A lot has happened then, including the emergence of political parties, the vast, if gradual extension of the franchise, an increase in literacy, and the omnipresence of the media, now in its unfettered “social media” phase.
We have can’t deny the fundamentally dysfunctional nature of our current Presidential election process. Even if a precise parsing of the connections between the historical developments and the current state of things is a fool’s errand; it's arguable that the shift to Presidential candidate selection though the popular vote primaries was a significant step in this sad evolution. In our media-saturated and polarized political culture, we have prioritized fund-raising, sound-bites, and the ridiculous spectacle of states jockeying for who gets to vote early in the process. There’s a laundry list of problems, and I won’t rehearse them all here. They’re neatly captured in the point that the talents and capabilities necessary to govern are rather different than those necessary to get elected; as evidenced by the many politicians who have withdrawn from public life and the quality of those who remain.

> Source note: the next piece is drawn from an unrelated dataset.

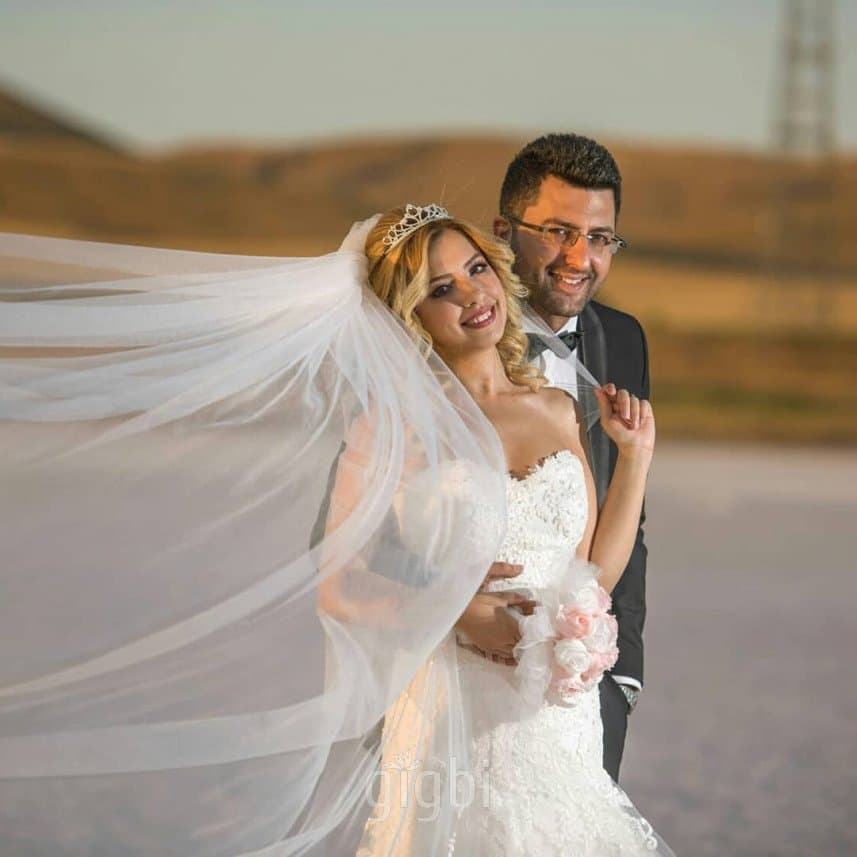 Levent A. — çalışma 1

If we credit the College’s original goals of balancing untrammeled democracy and producing a President (now far more important and powerful than Washington and his immediate heirs) who is capable of intelligent leadership of the country, then we may need to consider some radical approaches. It would not sit well in a political culture with an essential democratic premise to have a few folks make the final and unreviewable choice. Still, I suggest that we change both the way we choose the College and its role in the overall Presidential process.

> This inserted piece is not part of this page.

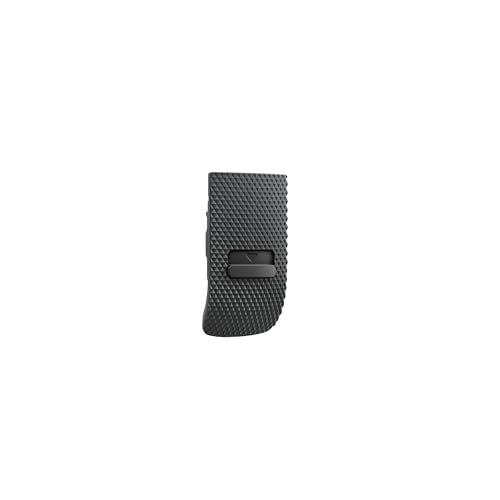 Image of Insta360 X5 USB Cover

The second part first: the role of the new College would NOT be to select the final winner of the Presidential election. Rather, they would select four finalists from which list the general electorate would select the winner.
They would do so through a process designed to offer a set of sensible choices to the public. The College would be named at the beginning of July. They would meet for a week at the end of August and announce their choices on September 1. I would seal them off in some resort for a week, something like a Papal Conclave. Each Elector would place four names on the ballot. A series of preliminary votes would winnow that large list down to sixteen. Each of these folks would then be interviewed by three (randomly selected) Electors for half an hour and the videos of these interviews shared with the entire group. Then through a ranked-choice final ballot, the four public candidates would emerge. Those four names would be put on the public’s General Election ballot and (after a mercifully short two-month campaign period) voters would rank their choices among the four in order. Standard ranked-choice methods would winnow down the winner.

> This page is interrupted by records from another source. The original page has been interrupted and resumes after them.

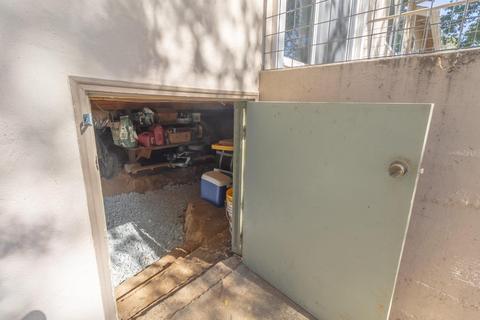 10625 Mariposa Ave, Jackson, CA 95642 photo 39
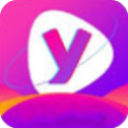 音色短视频安卓无限看版 V1.1.5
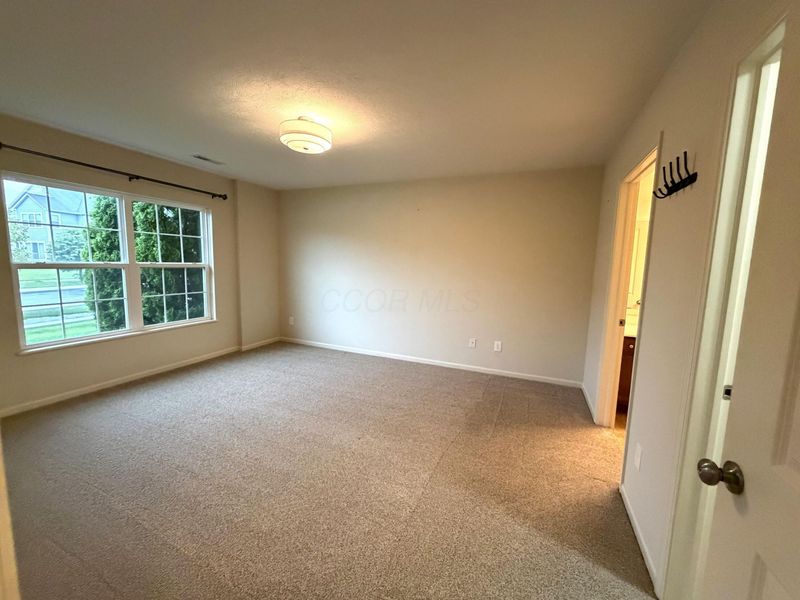 4233 Stream Bank Lane , Hilliard, OH 43026 Photo 7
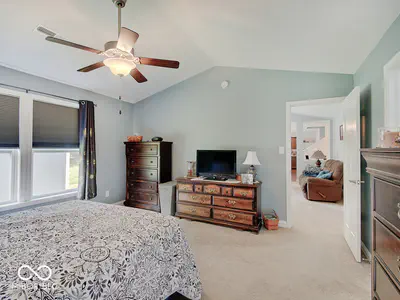 5742 Deer Valley Court, Columbus - 14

While we’re at it, let’s choose an electoral college in a different way. Let’s split the country into fifty equally-sized districts (each containing 6-7 million people), each district to elect one person. No one who has held elective state or federal office within the prior five years can run. That way, no one who’s in the middle of the political process, with axes to grind and horses to trade and immediate IOUs to cash would be involved in the selection process. Then I would add the Secretaries of State, Defense, and Treasury and the Attorney-General from each of the two prior administrations, four retired Senators chosen by the existing Senate, four retired Representatives chosen by the existing House, and four retired judges chosen by the Supreme Court.
That totals seventy people, which seems a large enough group. It would include a range of political, administrative, and judicial experience, but not enough to dominate the process. This is a far cry from the “back-room,” cigar-chomping caricature of the pre-primary era method of candidate selection. The voice of the electorate would retain its central role, but it would be tempered by the voices of experience and judgment. The requirement to nominate multiple candidates would ensure that a range of capable persons would be considered. Who knows, we might get a poet, professor, or seasoned executive in the mix.
Only a few Presidential candidates over the past fifty years have inspired actual passion. Instead, most Presidents have been chosen primarily because they’re marginally better than the “other guy.” They have been products of a process that favors campaign skills over the ability to govern and lead. Perhaps we can do better.